Okay. Back to this very brief interivew that I did with Martin at IEEE VR. Here’s the description of Martin’s presentation at the IEEE VR panel on Social interactions in VR

Self-Avatars: Body Scans to Stylized Characters
In VR, avatars are arguably the most natural paradigm for social interaction between humans. Immediately, the question of what such avatars really should look like arises. Although 3D scanning system have become more widespread, such a semi-realistic reproduction of the physical appearan ce of a human might not be the most effective choice; we argue that a certain amount of carefully controlled stylization of an avatar’s appearance might not only help coping with the inherent limitations of immersive real-time VR systems, but also be more effective at achieving task-specific goals with such avatars.

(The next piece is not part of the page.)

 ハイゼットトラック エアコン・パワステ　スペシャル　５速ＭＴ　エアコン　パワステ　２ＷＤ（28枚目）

Martin mentions a paper titled Face Reality: Investigating the Uncanny Valley for Virtual Faces that he wrote with Rachel McDonnell for SIGGRAPH 2010.

Here’s the introduction to that paper:

The Uncanny Valley (UV) has become a standard term for the theory that near-photorealistic virtual humans often appear unintentionally erie or creepy. This UV theory was first hypothesized by robotics professor Masahiro Mori in the 1970’s [Mori 1970] but is still taken seriously today by movie and game developers as it can stop audiences feeling emotionally engaged in their stories or games. It has been speculated that this is due to audiences feeling a lack of empathy towards the characters. With the increase in popularity of interactive drama video games (such as L.A. Noire or Heavy Rain), delivering realistic conversing virtual characters has now become very important in the real-time domain. Video game rendering techniques have advanced to a very high quality; however, most games still use linear blend skinning due to the speed of computation. This causes a mismatch between the realism of the appearance and animation, which can result in an uncanny character. Many game developers opt for a stylised rendering (such as celshading) to avoid the uncanny effect [Thompson 2004]. In this preliminary work, we begin to study the complex interaction between rendering style and perceived trust, in order to provide guidelines for developers for creating plausible virtual characters.

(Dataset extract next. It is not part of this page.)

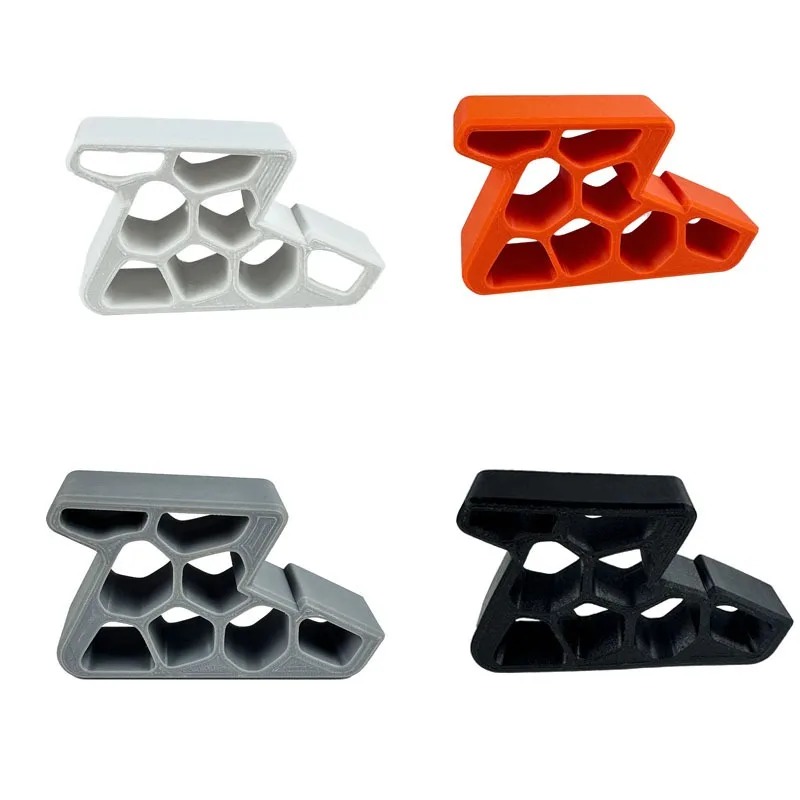 1/2/4pcs Heavy Duty Non Slip W - Door Stopper Heavy review and price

It has been shown that certain psychological responses, including emotional arousal, are commonly generated by deceptive situations
[DePaulo et al. 2003]. Therefore, we used deception as a basis for our experiments to investigate the UV theory. We hypothesised that deception ratings would correspond to empathy, and that highly realistic characters would be rated as more deceptive than stylised ones.

He mentions the famous graph by Masahiro Mori, who was a robotics researcher who first proposed the concept back in 1970 in Energy. That article was originally in Japanese, but I found this translation of it.

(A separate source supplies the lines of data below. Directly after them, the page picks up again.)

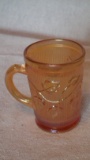 Marigold cup 3.5”x2”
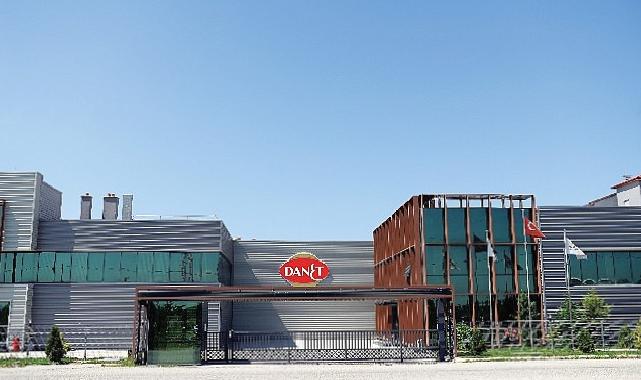 DANET Afyon’un Kültürel Tanıtımına Destek Oluyor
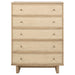 Kailani Chest of Drawers - Home Furniture And More (Brentwood, MD)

I have noticed that, as robots appear more humanlike, our sense of their familiarity increases until we come to a valley. I call this relation the “uncanny valley.”

Martin isn’t completely convinced that the conceptualization of the uncanny valley that Mori envisioned back in 1970 is necessarily the correct one. He’s interested in continuing to research and empirically measure the uncanny valley effect through experiments, and hopes to eventually come up with a data-driven model of what works in stylizing virtual humans within VR environments so that they’re the most comfortable with our expectations. At the moment, this job is being through the artistic intuitions from directors and artists within game development studios, but Martin says that this isn’t scalable for everyone. So he intends on continuing to research and better understand this uncanny valley effect.

Rough Transcript

[00:00:05.452] Kent Bye: The Voices of VR Podcast.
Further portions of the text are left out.